** What the task asks **
Return each line below holding the string "Residential".

---*---

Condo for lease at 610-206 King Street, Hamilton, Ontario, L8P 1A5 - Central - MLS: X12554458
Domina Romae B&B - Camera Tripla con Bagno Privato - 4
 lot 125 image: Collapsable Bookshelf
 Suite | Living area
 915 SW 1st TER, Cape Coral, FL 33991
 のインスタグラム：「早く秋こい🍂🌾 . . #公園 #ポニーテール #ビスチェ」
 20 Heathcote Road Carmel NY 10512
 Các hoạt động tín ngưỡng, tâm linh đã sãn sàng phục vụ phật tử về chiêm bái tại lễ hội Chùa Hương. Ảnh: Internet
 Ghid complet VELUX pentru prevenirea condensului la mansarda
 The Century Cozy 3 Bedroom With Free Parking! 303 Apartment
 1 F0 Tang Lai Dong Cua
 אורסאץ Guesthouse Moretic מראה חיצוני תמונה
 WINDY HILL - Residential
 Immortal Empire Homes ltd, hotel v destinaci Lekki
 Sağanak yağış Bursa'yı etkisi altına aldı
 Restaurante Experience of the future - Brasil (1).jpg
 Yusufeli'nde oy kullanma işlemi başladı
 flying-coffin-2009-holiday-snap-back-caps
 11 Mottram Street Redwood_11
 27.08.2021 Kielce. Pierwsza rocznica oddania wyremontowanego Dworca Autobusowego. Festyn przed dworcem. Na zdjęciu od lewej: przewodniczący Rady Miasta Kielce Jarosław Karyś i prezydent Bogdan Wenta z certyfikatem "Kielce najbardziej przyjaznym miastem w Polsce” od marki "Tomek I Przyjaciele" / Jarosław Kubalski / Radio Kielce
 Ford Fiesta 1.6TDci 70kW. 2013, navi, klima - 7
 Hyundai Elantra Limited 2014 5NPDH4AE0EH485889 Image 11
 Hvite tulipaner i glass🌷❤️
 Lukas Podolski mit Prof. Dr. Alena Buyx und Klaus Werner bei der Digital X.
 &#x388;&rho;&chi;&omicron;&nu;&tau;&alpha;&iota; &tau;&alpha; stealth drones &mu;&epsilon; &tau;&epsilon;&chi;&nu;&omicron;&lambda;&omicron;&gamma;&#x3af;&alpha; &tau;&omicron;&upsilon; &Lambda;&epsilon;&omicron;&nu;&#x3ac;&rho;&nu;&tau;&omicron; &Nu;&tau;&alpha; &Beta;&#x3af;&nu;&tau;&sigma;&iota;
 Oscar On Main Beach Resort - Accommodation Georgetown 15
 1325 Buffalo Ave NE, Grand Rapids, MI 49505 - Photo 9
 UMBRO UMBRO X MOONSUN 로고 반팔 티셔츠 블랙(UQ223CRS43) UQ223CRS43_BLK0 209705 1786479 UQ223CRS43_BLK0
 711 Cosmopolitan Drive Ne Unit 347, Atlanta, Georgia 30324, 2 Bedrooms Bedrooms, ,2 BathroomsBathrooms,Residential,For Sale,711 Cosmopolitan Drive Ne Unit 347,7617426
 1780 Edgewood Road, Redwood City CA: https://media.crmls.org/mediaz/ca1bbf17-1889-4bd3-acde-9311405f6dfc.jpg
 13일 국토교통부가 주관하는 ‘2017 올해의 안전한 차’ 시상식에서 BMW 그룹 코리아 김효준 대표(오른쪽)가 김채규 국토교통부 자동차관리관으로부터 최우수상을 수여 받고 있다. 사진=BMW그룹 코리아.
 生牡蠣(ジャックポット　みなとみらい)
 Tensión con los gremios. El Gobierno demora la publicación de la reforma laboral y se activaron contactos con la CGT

---*---

** Solution to this task **
 WINDY HILL - Residential
 711 Cosmopolitan Drive Ne Unit 347, Atlanta, Georgia 30324, 2 Bedrooms Bedrooms, ,2 BathroomsBathrooms,Residential,For Sale,711 Cosmopolitan Drive Ne Unit 347,7617426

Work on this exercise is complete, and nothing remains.